**WORK INSTRUCTION**
Below are the records; copy exactly the stretch from the line containing "Apartament Wislanskie Skije Exteriör bild" through the line containing "2023 Suzuki S-Cross", both ends included, and nothing else.

**Crawled caption data**
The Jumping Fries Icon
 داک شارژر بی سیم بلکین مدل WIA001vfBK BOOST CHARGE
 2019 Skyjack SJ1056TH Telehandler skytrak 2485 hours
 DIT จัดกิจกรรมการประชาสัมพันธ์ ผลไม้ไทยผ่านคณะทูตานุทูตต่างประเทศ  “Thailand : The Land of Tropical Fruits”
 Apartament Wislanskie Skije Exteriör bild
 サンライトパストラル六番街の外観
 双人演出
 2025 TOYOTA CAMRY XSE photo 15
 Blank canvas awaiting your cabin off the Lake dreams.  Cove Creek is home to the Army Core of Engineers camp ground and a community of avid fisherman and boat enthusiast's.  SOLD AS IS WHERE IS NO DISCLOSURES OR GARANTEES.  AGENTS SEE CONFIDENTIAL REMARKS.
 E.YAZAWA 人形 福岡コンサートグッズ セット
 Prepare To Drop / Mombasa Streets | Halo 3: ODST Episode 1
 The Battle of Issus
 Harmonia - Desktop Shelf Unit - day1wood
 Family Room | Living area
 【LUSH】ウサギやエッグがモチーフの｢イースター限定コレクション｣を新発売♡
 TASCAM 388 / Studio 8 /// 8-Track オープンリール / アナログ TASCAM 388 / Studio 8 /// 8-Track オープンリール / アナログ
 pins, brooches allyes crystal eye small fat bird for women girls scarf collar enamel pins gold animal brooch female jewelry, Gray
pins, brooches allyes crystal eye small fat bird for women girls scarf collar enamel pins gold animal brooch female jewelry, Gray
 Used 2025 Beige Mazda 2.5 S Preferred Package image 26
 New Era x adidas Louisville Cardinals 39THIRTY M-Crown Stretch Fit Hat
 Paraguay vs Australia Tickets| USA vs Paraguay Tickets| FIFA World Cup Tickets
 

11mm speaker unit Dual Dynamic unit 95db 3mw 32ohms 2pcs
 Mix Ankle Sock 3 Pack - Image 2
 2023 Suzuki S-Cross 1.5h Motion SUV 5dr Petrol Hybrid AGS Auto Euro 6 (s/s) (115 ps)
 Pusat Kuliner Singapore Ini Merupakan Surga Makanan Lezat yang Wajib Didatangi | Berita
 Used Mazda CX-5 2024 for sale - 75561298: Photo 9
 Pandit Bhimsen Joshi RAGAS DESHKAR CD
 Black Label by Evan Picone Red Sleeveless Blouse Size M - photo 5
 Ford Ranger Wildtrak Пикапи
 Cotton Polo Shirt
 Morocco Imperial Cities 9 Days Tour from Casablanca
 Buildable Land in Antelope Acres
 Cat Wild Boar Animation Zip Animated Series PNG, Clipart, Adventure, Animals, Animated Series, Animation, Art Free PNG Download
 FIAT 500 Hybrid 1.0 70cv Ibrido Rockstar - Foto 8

**RESPONSE AREA**
 Apartament Wislanskie Skije Exteriör bild
 サンライトパストラル六番街の外観
 双人演出
 2025 TOYOTA CAMRY XSE photo 15
 Blank canvas awaiting your cabin off the Lake dreams.  Cove Creek is home to the Army Core of Engineers camp ground and a community of avid fisherman and boat enthusiast's.  SOLD AS IS WHERE IS NO DISCLOSURES OR GARANTEES.  AGENTS SEE CONFIDENTIAL REMARKS.
 E.YAZAWA 人形 福岡コンサートグッズ セット
 Prepare To Drop / Mombasa Streets | Halo 3: ODST Episode 1
 The Battle of Issus
 Harmonia - Desktop Shelf Unit - day1wood
 Family Room | Living area
 【LUSH】ウサギやエッグがモチーフの｢イースター限定コレクション｣を新発売♡
 TASCAM 388 / Studio 8 /// 8-Track オープンリール / アナログ TASCAM 388 / Studio 8 /// 8-Track オープンリール / アナログ
 pins, brooches allyes crystal eye small fat bird for women girls scarf collar enamel pins gold animal brooch female jewelry, Gray
pins, brooches allyes crystal eye small fat bird for women girls scarf collar enamel pins gold animal brooch female jewelry, Gray
 Used 2025 Beige Mazda 2.5 S Preferred Package image 26
 New Era x adidas Louisville Cardinals 39THIRTY M-Crown Stretch Fit Hat
 Paraguay vs Australia Tickets| USA vs Paraguay Tickets| FIFA World Cup Tickets
 

11mm speaker unit Dual Dynamic unit 95db 3mw 32ohms 2pcs
 Mix Ankle Sock 3 Pack - Image 2
 2023 Suzuki S-Cross 1.5h Motion SUV 5dr Petrol Hybrid AGS Auto Euro 6 (s/s) (115 ps)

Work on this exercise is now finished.